Analyst: “Price cycling” to blame for higher gas prices

GAITHERSBURG, Md., Nov. 2, 2015 — Gasoline prices in nine states now stand at a $1.99 average or less and the overall trend across much of the country remains a downward one, while some Great Lakes states saw price increases over the weekend, associated with a pricing movement familiar to many motorists in that region.

“While every state less Michigan, Indiana, Ohio and Kentucky saw weekly price declines, the Great Lakes saw modest price jumps associated with a pricing phenomenon called price cycling. I expect the week ahead may be a slightly bumpy one as wholesale gasoline prices across nearly the entire country have perked up slightly. While we can’t eliminate the possibility of relatively small price adjustments in the short term, I expect prices to generally be lower by the arrival of the holidays, and perhaps a dozen more states will see price averages drop under the $2 level by Christmas,” said Patrick DeHaan, senior petroleum analyst for GasBuddy which provides the data for’s Gas Gauge.

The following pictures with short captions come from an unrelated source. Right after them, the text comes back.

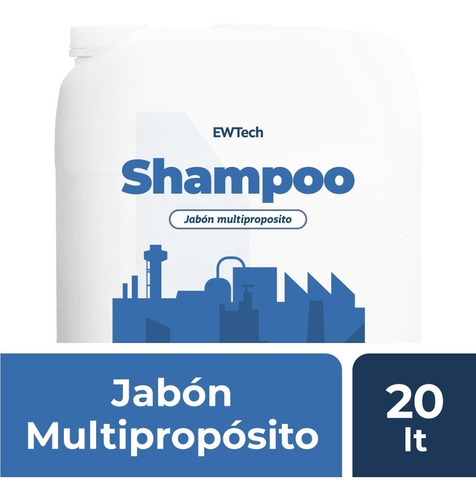 Jabón Lavaloza Bio 20l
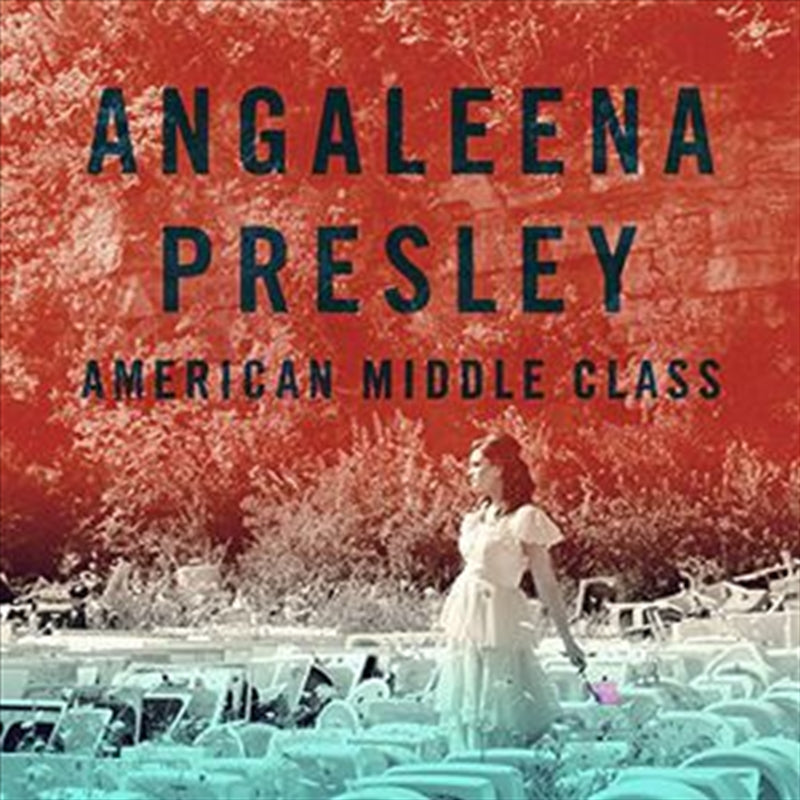 American Middle Class - Presley, Angaleena Cd Album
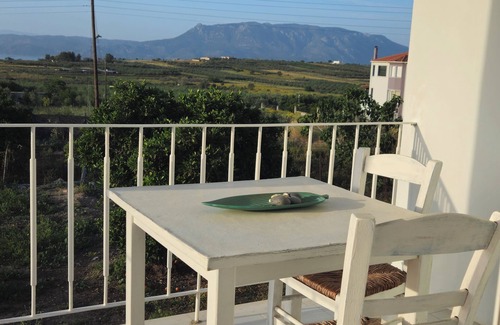 Archea Korinthos Villa | Grace and Harmony of Ancient Corinth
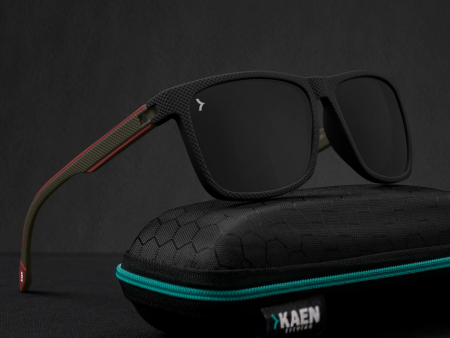 Kris Black Green Power Sunglasses Sale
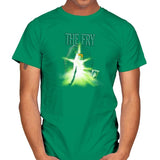 The Fry Exclusive - Mens T-Shirts RIPT Apparel Small / Kelly Green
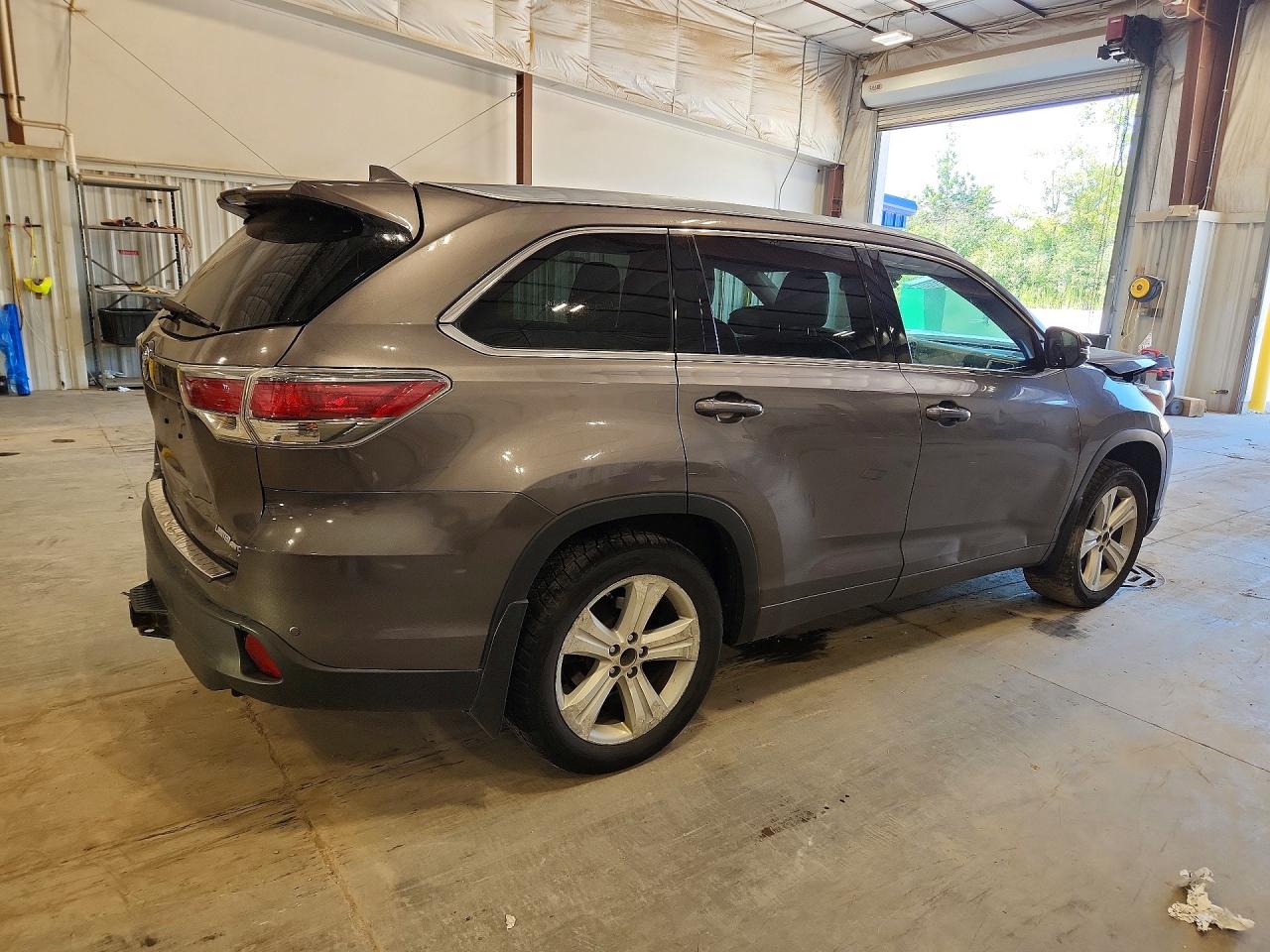 2016 TOYOTA HIGHLANDER Base/Hybrid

“The Energy Information Administration reported last week that oil inventories now stand over 100 million barrels higher than a year ago, a good omen for what will come by the end of the year as refineries finish seasonal maintenance and begin to ramp up utilization, leading to higher gasoline supply.”

The states averaging below $2 on Monday include: SC; AL; MS; LA; TX; TN; NJ; VA and AR. At the same time, not one metro market in the U.S., even historically pricey Los Angeles, is averaging above $3.00. Los Angeles has an average price today at $2.93 versus $3.34 a year ago; Chicago’s average is $2.50 today versus $3.18 a year ago; and New York stands at $2.41 today versus $3.36 last year.